La caverna de Platón y la sabiduría reveladora

Uno de los elementos clave del mito más célebre de Platón, la caverna, expone insospechados simbolismos que revelan secretos para tener una experiencia interior más armónica con el cosmos.

Cual si se tratara de un arquetipo de la matriz materna, la caverna se hace presente en los principales mitos de origen de las culturas del mundo y en los mitos de iniciación y renacimiento de diversas etnias. La noción de caverna desde este enfoque primordial incluye antros y grutas, es decir, lugares rupestres o subterráneos, abovedados y ocultos en las entrañas de la tierra, las montañas y las tinieblas.

Lugar de iniciación

En los rituales iniciáticos de los antiguos griegos la caverna es una figuración del mundo. Para Platón ese espacio es un entorno de sufrimiento, desconocimiento y eterna tristeza. Es en donde las almas yacen encadenadas y presas por las divinidades, cual si se hallarán en una trampa ineludible.
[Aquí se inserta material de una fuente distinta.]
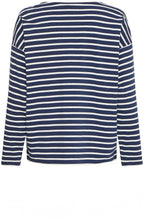 Navy Blazer Striped Top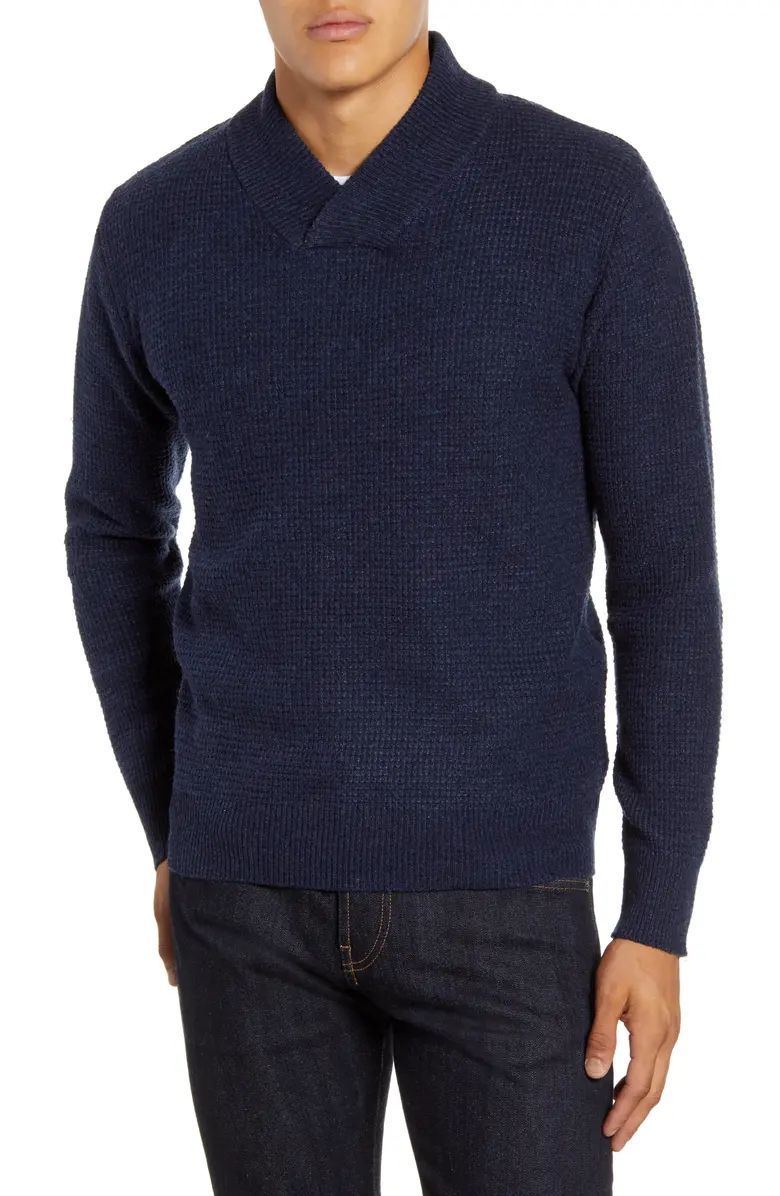Waffle Knit Thermal Wool Blend Pullover | Nordstrom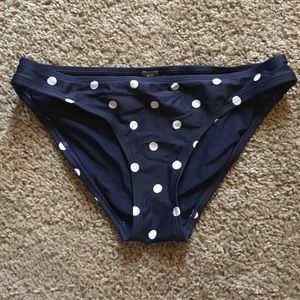 Aerie AE Navy Polka Dot Bikini Bottom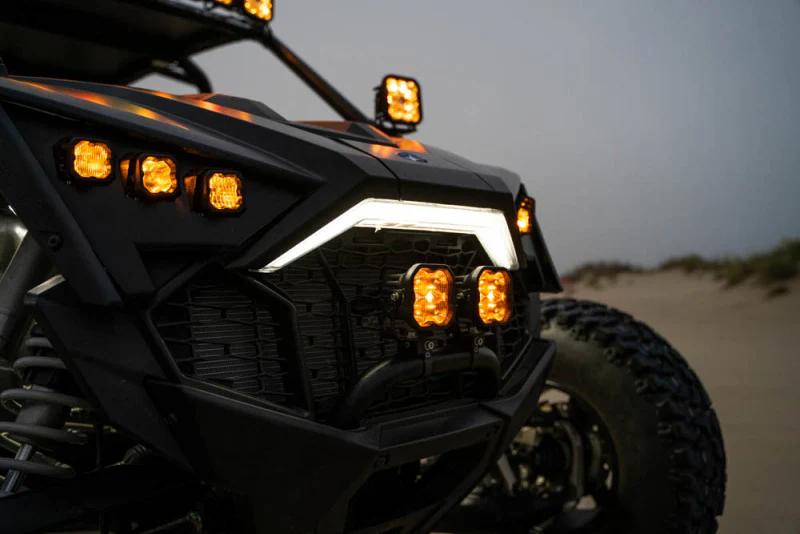 Diode Dynamics SS3 LED Bumper 1 1/2 In Roll Bar Kit Pro - White SAE Fog (Pair) - Image 4
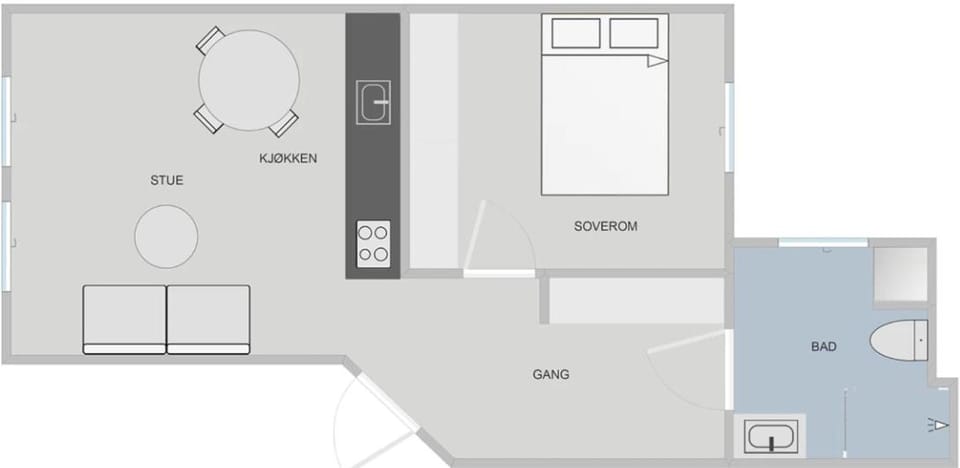 Rålekker 2-roms leilighet Apartment in Bergen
De acuerdo a un famoso pasaje del diálogo La República escrito por Platón, los humanos habitan una suerte de recinto cavernoso ubicado en las entrañas de la tierra. Este espacio sumido en eternas penumbras tiene una enorme abertura por donde la luz puede pasar. En este misterioso habitáculo aparecen encadenados varios hombres, que representan a la humanidad entera. Forzados a permanecer en este mismo sitio, solo pueden observar lo que se proyecta frente a ellos. Un intenso pero distante fuego, desde lo alto, les presenta en los muros de la caverna juegos de sombras del mundo real.

La metáfora de lo real

Esa es la condición en la cual los humanos permanecen en la realidad material, según el filósofo Platón. La caverna es aquí una simbolización de nuestro mundo. La enigmática fuente de luz que hace surgir la proyección de sombras en los muros de la gruta señala la ruta ascendente que el alma debe transitar en su camino por alcanzar la verdad y la bondad.
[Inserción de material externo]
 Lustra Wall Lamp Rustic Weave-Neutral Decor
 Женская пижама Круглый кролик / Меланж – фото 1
Recorrer ese secreto camino hasta contemplar lo que allí brilla y perdura más allá del tiempo es la representación del logro más alto, la meta para quienes aspiran a lo más inteligible. Nuestra realidad apariencial queda representada de manera profunda y atinada por parte de Platón. Es una cárcel de la que el alma debe evadirse para contemplar el mundo auténtico, la realidad sempiterna y fundamentadora de las ideas.

La ruta secreta

Numerosos son los ritos de iniciación de los tiempos antiguos en los que el venerante debía transitar por una caverna o fosa. Es en cierto modo una especie de regreso al útero mencionado por Mircea Eliade, un experto en estos temas. Basta con recordar los misterios de Eleusis: la particular lógica de estos referentes simbólicos se interpretaba de manera literal. Quienes deseaban iniciarse en estos misterios debían ser inmovilizados con cadenas en el interior de una caverna de la cual debían escapar para finalmente ver la luz.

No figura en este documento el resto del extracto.